Er is sprake van een Vereniging van Eigenaars (VvE) met slechts één andere appartementseigenaar. Deze buurman maakt bezwaar tegen de verhuur aan studenten en wijst op de bepaling in de splitsingsakte waarin staat dat

"(...) Geen van de privégedeelten mag worden gebruikt als pension- of kamer verhuurbedrijf, bed and breakfast daaronder mede begrepen. (...)".

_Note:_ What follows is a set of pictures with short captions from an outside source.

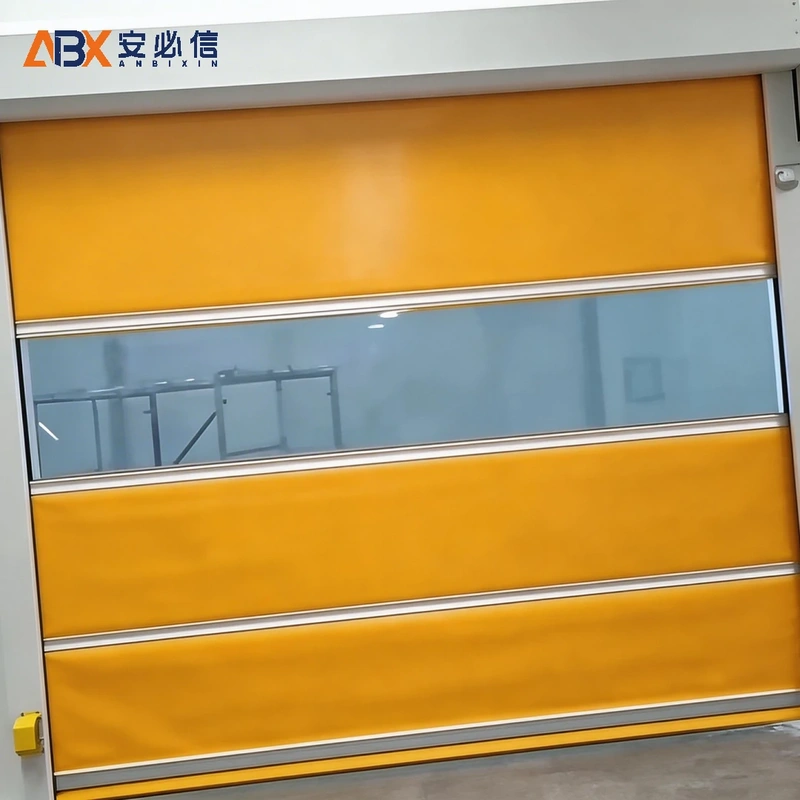 连云港市感应快速门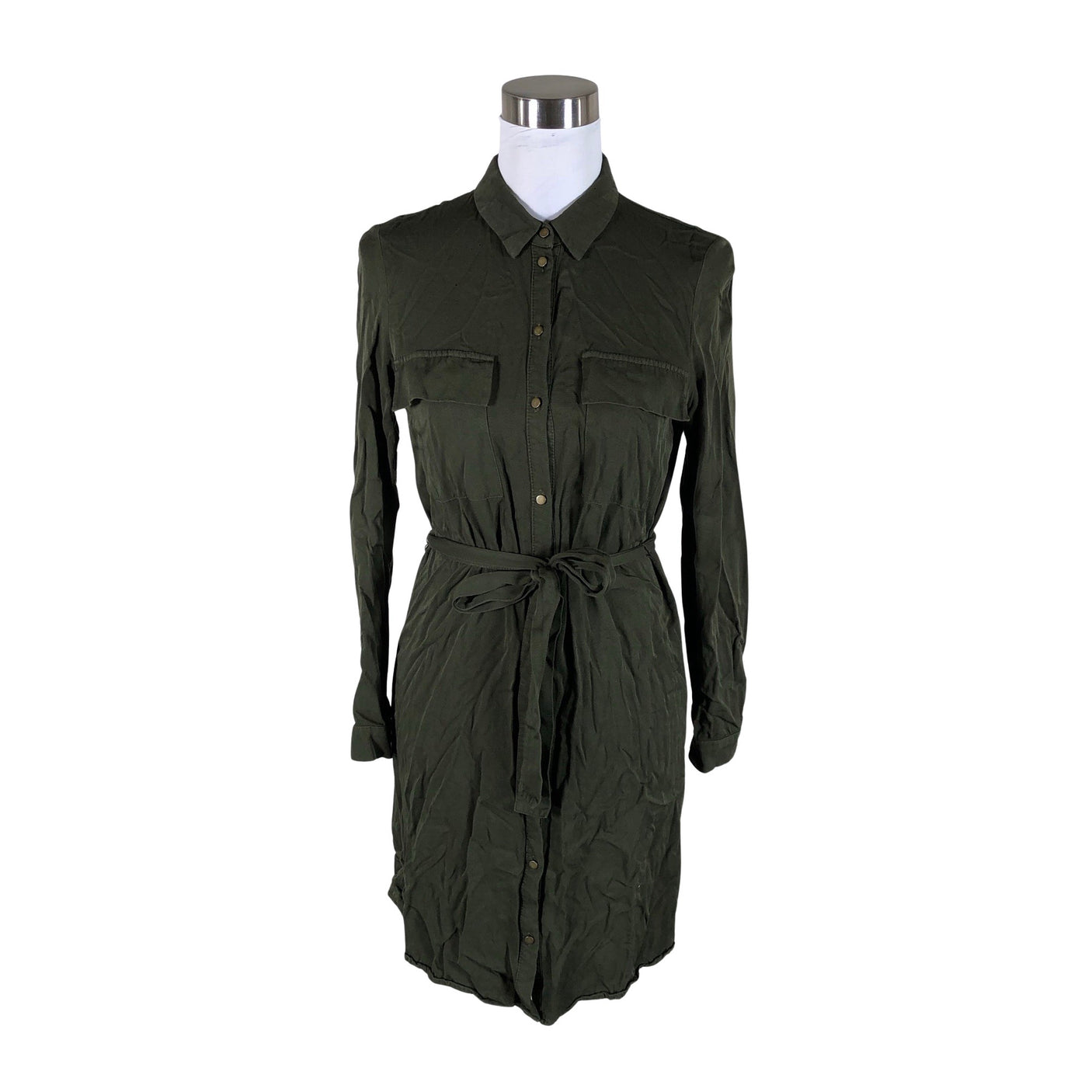 Naisten Esprit - Sifonkimekko, koko 36 - Vihreä (1)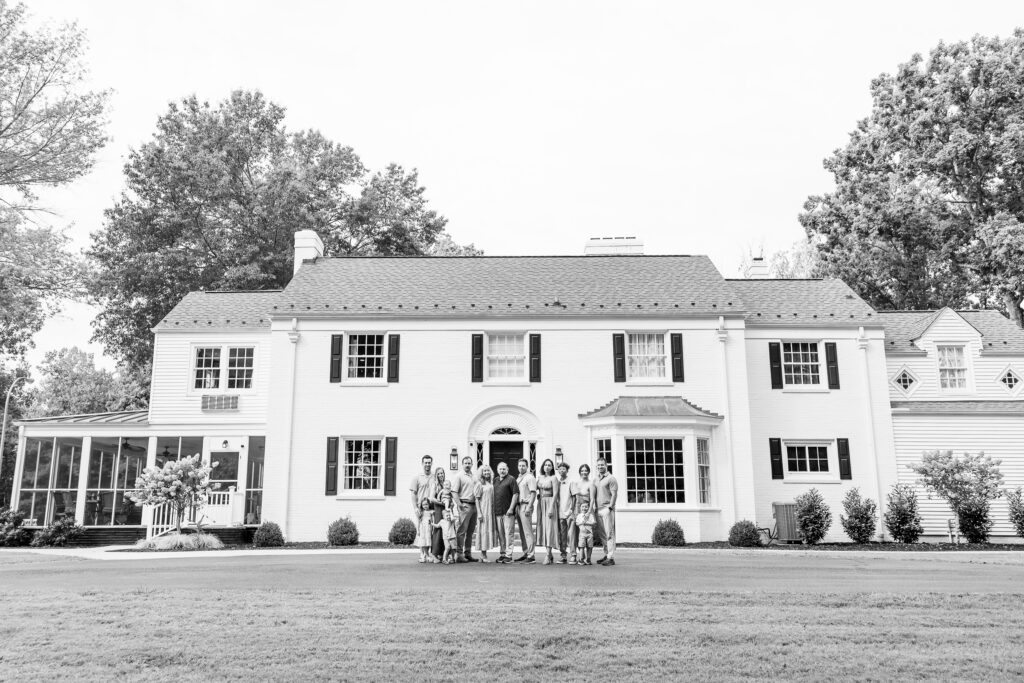 Milan Manor House on smith mountain lake
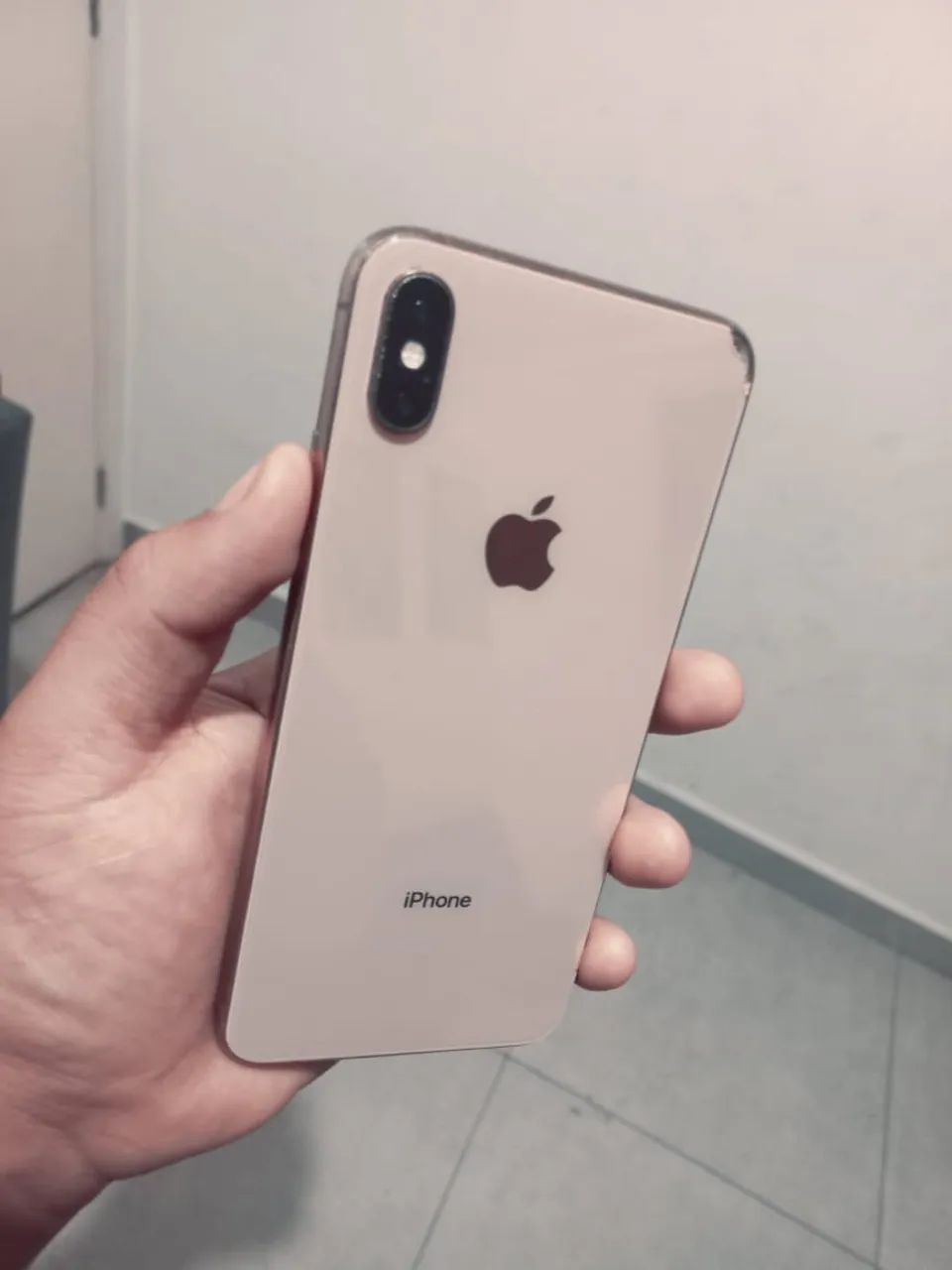 IPHONE XS MAX, 100% saude da bateria zero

Volgens het hof heeft deze bepaling onmiskenbaar betrekking op bedrijfsmatige verhuur van het appartement. Van bedrijfsmatig gebruik is geen sprake. Het hof komt tot dit oordeel omdat:

  • er sprake is van verhuur aan hun eigen zoon en drie studievrienden;
  • voor de duur van de studie van deze zoon;
  • na voltooiing waarvan de huurovereenkomst met zijn studievrienden eindigt; en
  • het appartement daarna hetzij zal worden bewoond door de zoon (met eventuele partner), hetzij zal worden verkocht.

Belang voor de praktijk

Hof Amsterdam deed op dezelfde dag uitspraak in een soortgelijke zaak (Hof Amsterdam 12 mei 2020, ECLI:NL:GHAMS:2020:1357). Daarin oordeelt het hof tegengesteld aan de hiervoor beschreven zaak.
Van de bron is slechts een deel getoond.